The movement toward political centralization, culminating in the absolute monarchy of Louis XIV, was attended by aesthetic authoritarianism marked by a consolidation and control of artistic production in the service of the state and the founding of art institutions. The French Academy was chartered in 1635, and the Gobelins tapestry factory was established in 1662. Typical of the decorative magnificence of the age was the painting of Charles Le Brun and Pierre Mignard and the sculpture of François Girardon, Pierre Puget, and Antoine Coysevox.

The Eighteenth Century

The 18th-century aesthetic styles were named after the political periods of these turbulent eras. They include the régence style, the Louis period styles, and the Directoire style. After the ascension of Louis XV baroque monumentality was replaced by the lighter, more animated spirit of the rococo, which had early manifestation in the art of J. A. Watteau. François Boucher and J. H. Fragonard succeeded Le Brun as official painters; their decorative, sensuous style was favored by the court but not adopted generally. The genre and still-life painter J. B. Chardin and the sculptor J. A. Houdon exhibited independent tendencies.

Characteristic gracefulness and delicacy prevailed in the minor arts, exemplified in the bronze work of Jacques Caffieri and in Sèvres porcelains, produced at the royal potteries established in 1745 at Vincennes and moved to Sèvres in 1753. A self-important manner in portraiture flourished in the work of Nicolas de Largillière and Jean-Marc Nattier.

Toward the end of the 18th cent. reaction against the frivolity of court art and interest in new archaeological excavations encouraged the rise of the neoclassical style, which found government favor under the Directory, Consulate, and Empire. Its principal exponent was J. L. David, at first the king's and later Napoleon's official painter. David wielded authoritarian influence over the national taste (see Empire style).

The Nineteenth Century

After neoclassicism, no single style predominated in the early part of the century. Rather, individual artists gave definition to a variety of movements. J. A. D. Ingres succeeded David as leading academician and favored an essentially linear and meticulously finished style, in part inspired by a new enthusiasm for the art of the Italian Renaissance. Opposed to the academic discipline manifest in yearly Salon exhibitions were the romantic painters led by Delacroix and Géricault. At the same time that romanticism championed subjective emotion, the artist's independence from social purpose, and the taste for exotic subject matter, various currents of realism had notable exponents in Honoré Daumier, J. B. C. Corot, and Gustave Courbet. Revived interest in landscape painting was revealed in the works of the Barbizon school.

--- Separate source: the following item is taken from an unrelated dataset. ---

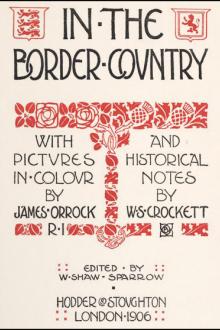 In the Border Country by W. S. Crockett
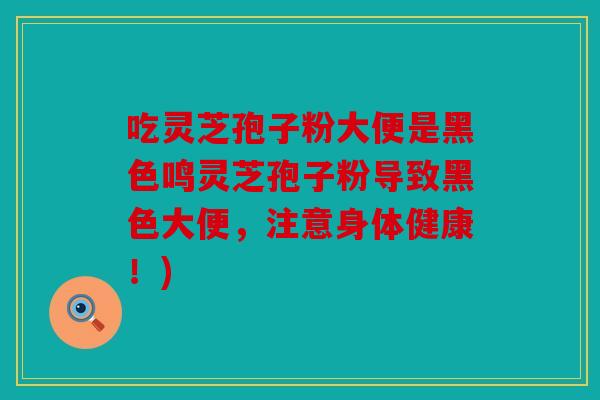 吃灵芝孢子粉大便是黑色鸣灵芝孢子粉导致黑色大便，注意身体健康！)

After the middle of the 19th cent. interest in rendering purely visual effects and in expressing transient and accidental aspects of nature resulted in the emergence of impressionism, an enormously influential movement that was formally launched with the exposition of 1874. This movement drew allegiance from a variety of highly individual artists including Manet, Monet, Renoir, Degas, and Pissarro. Cézanne drew inspiration from the impressionist group, but he rejected their emphasis on transient effects and evolved an independent approach based on the expression of the fundamental characteristics of shapes and spatial effects. Toward the end of the 19th cent. a postimpressionist reaction arose in the work of Seurat, Van Gogh, Toulouse-Lautrec, and Gauguin.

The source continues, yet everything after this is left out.